26. The composite structure as claimed in 25 wherein two or more modular
structures are joined side-by-side in a single-level composite with like-
sized and shaped wall sections adjacent.
27. The composite structure as claimed in claim 25 wherein two or more modular
structures are joined at different levels with masts of one or more units at one
level are joined to masts of one or more units on a different level.
28. The composite structure as claimed in claim 25 wherein two or more
structures are joined by overlapping floor area of one structure with floor area
of another structure, and joining the two areas.
29. The composite structure as claimed claim 25 comprising a maritime unit,
wherein two or more of the modular structures are joined, each having a
center post extending below floor level, optionally comprising a keel joined
to the two or more center posts below floor level, and optionally comprising
framing elements and skin elements forming a hull.
30. A foldable, deployable framework for a structure, comprising:
- a lower hub having a first central axis;
- a set of three or more equal-length tracks each having a first track end
pivotally attached to the lower hub such that each track pivots in a separate
track plane parallel to the first axis;
a set of three or more masts of equal length, the number of masts equal to
the number of tracks, each mast having a first mast end pivotally and
translatably attached to one of the three tracks such that the masts pivot on
the tracks in planes parallel to the planes of the attached tracks, and the first
mast ends are free to translate along the length of the joined track;
- a set of three or more rafters of equal length greater than the length of either
masts or tracks, the number of rafters equal to the number of masts, each
rafter having a first rafter end pivotally attached at a second mast end,
opposite the first mast end, to one of the three masts, such that the rafters
pivot in planes adjacent to and parallel to the pivot planes of the attached
masts and tracks; and
- an upper hub having a second central axis coaxial with the first central axis of
the lower hub, with each rafter pivotally attached to the upper hub in a manner
allowing the rafters to pivot in their respective rafter planes;
wherein the framework deployed has the tracks in a common plane substantially
orthogonal to the first axis, defining, with the lower hub, a structure floor, has the
masts each at substantially a right angle to the joined track, at an end of the
tracks furthest from the lower hub, adjacent masts defining structure walls, and
the rafters at an obtuse angle to the joined masts such that the axes of the upper
and lower hubs remain coaxial, the rafters and upper hub defining a structure
roof.
31. The framework as claimed in 30 optionally comprising locking elements
between the first mast ends and the tracks enabled to lock the translation of the
first mast ends at any position along a joined track.

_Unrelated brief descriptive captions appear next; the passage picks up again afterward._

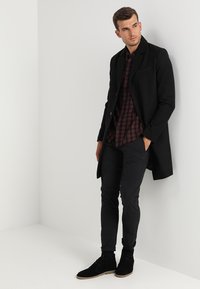 Cappotto di lana nera sopra una camicia a quadri bordeaux e nera, abbinato a pantaloni neri e stivaletti in suede. Il modello posa contro un muro bianco.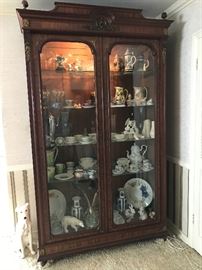 French two drawer china cabinet with two beveled glass paned doors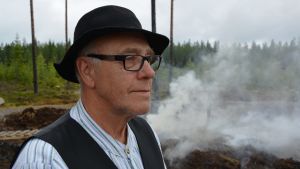 Sven Eklund är rädd att de blir fartblinda och en jakthund får sätta livet till. Arkivbild från tjärbränning i Övermark 2017. Man med hatt, rutig skjorta, väst och glasögon står utomhus.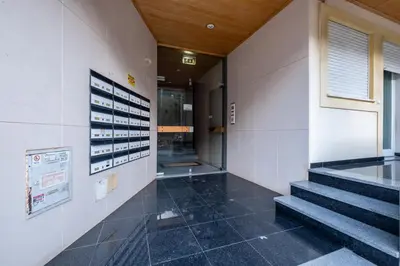 a hallway of a building with stairs and a window at #001 Veríssimo Flat by Home Holidays in Albufeira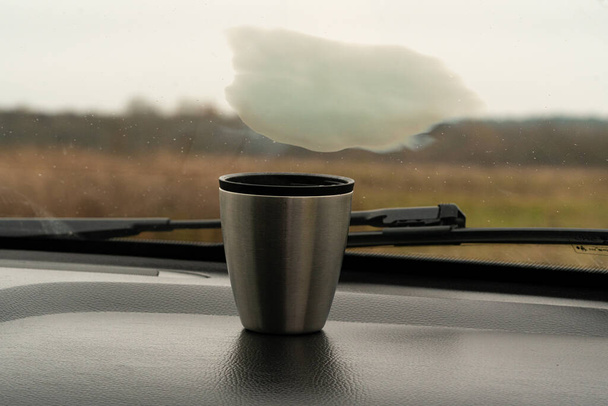 Arabanın torpido gözünde dumanı tüten metal bir fincan kahve. - Fotoğraf, Görsel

32. The framework as claimed in 31 wherein the framework folded comprises a
package with the first mast ends translated to a position adjacent the lower hub
and locked in that position, and the masts, tracks, and rafters pivoted to the lie
adjacent lengthwise, forming a package of outer cross-section defined by the
hubs, and length defined by the rafter length.
33. The framework as claimed in 30 wherein the deployed framework optionally
comprises hub-to-track locking elements to lock the tracks and lower hub into a
common plane.
34. The framework as claimed in 33 wherein the hub-to-track locking elements
comprise at least one flange to which both tracks and lower hub may be
affixed.
35. The framework as claimed in 34 comprising two flanges translatable to clamp
tracks and hubs in a common plane.
36. The framework as claimed in 30 wherein the deployed framework optionally
comprises locking elements to lock each set of joined track and mast into a
right-angle.
37. The framework as claimed in 36 wherein the locking elements comprise pins
passing through openings in each of joined masts and tracks.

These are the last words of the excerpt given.